The customer feedback deception and the surprising truth

3 mokeys

The big deception.

There is a myth in some companies that although customer feedback is a good thing, you cannot deal with every response to satisfaction surveys. This is a harmful lie – bad for customers, and bad for business, which is why I’ve taken this post to explain why it’s so damagingly false, and how you can avoid it.

Maybe “deception” is too strong a criticism, but actually I did feel deceived after at first accepting this line of thinking, then challenging it, then finding out it actually leads to a poor customer experience, not a better one.
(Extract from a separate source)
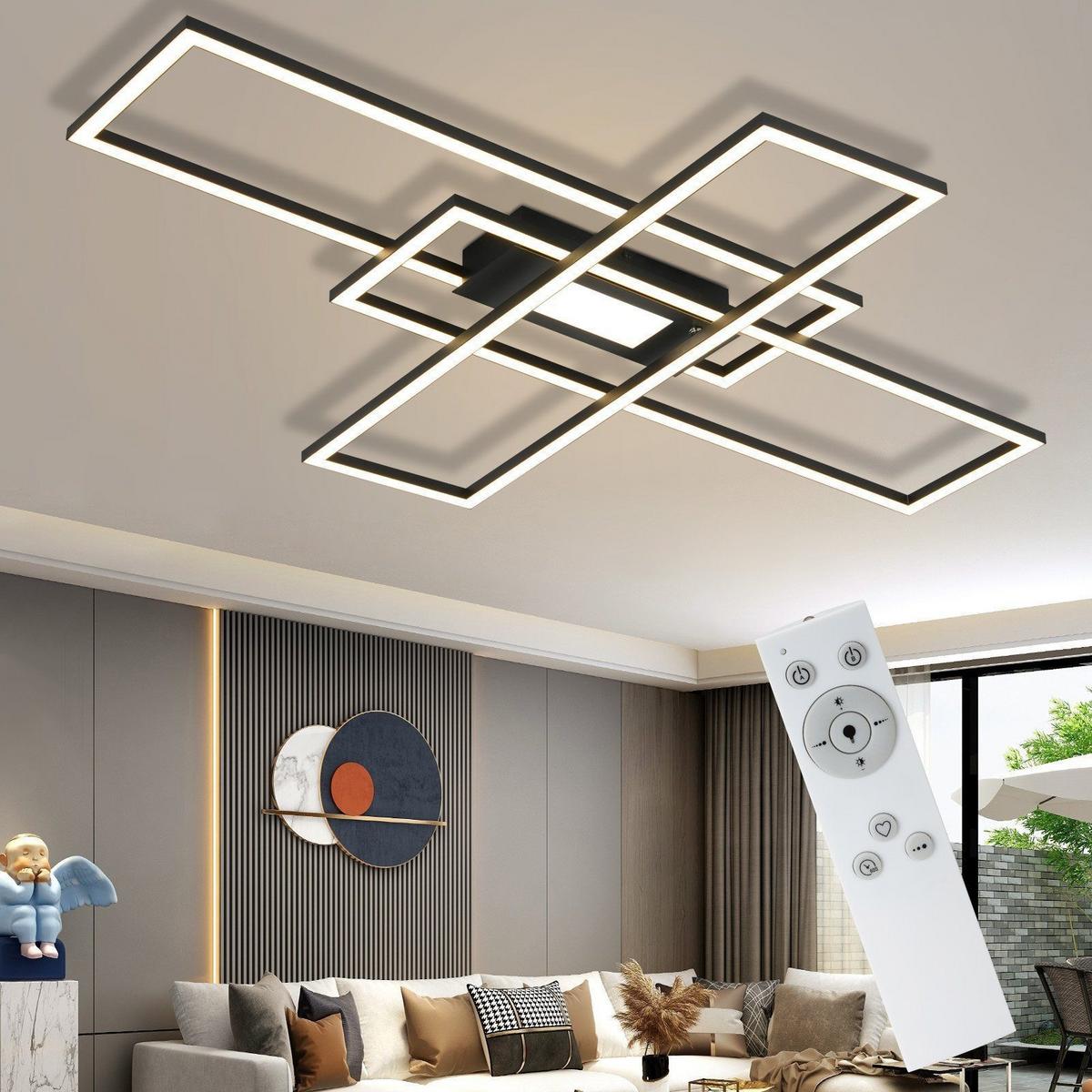 LED-DECKENLEUCHTE Lund 70/99/7cm - Schwarz, Metall (99/70/7cm) - Nettlife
The reason I call it out is that on the one hand a company claims to be listening to its customers by asking for feedback, but on the other hand its leaders have no intention of acting on what the majority of those customers say.

The myth leads to bureaucracy and wasted effort.

This all makes me really sad, because time and again I see lots of time and money spent on an exercise that people assume is a good thing, yet the customers experience no benefit at all.

Perhaps you have received one of these surveys too?  “Please spare 10 minutes to complete our short [sic] survey”

The thinking goes that customer feedback is very important (all the most seductive deceptions are intertwined with the truth) and so you should ask customers for their views.  But the thinking continues that one cannot possibly act on every response because there would be far too much to do.  And everyone’s very busy trying to make the sales numbers.  So you have to gather customer feedback, do some analysis, assign priorities, drop the things that are too hard, or too costly, or politically unacceptable, or would take too long.

That means you ignore nearly all the feedback, intentionally.

The customers who responded have given up hope of anything being done about what they said.  If they raised an issue in their feedback, they feel like they have been ignored.

Spreadsheets are constructed. Powerpoint slides are produced. Time passes.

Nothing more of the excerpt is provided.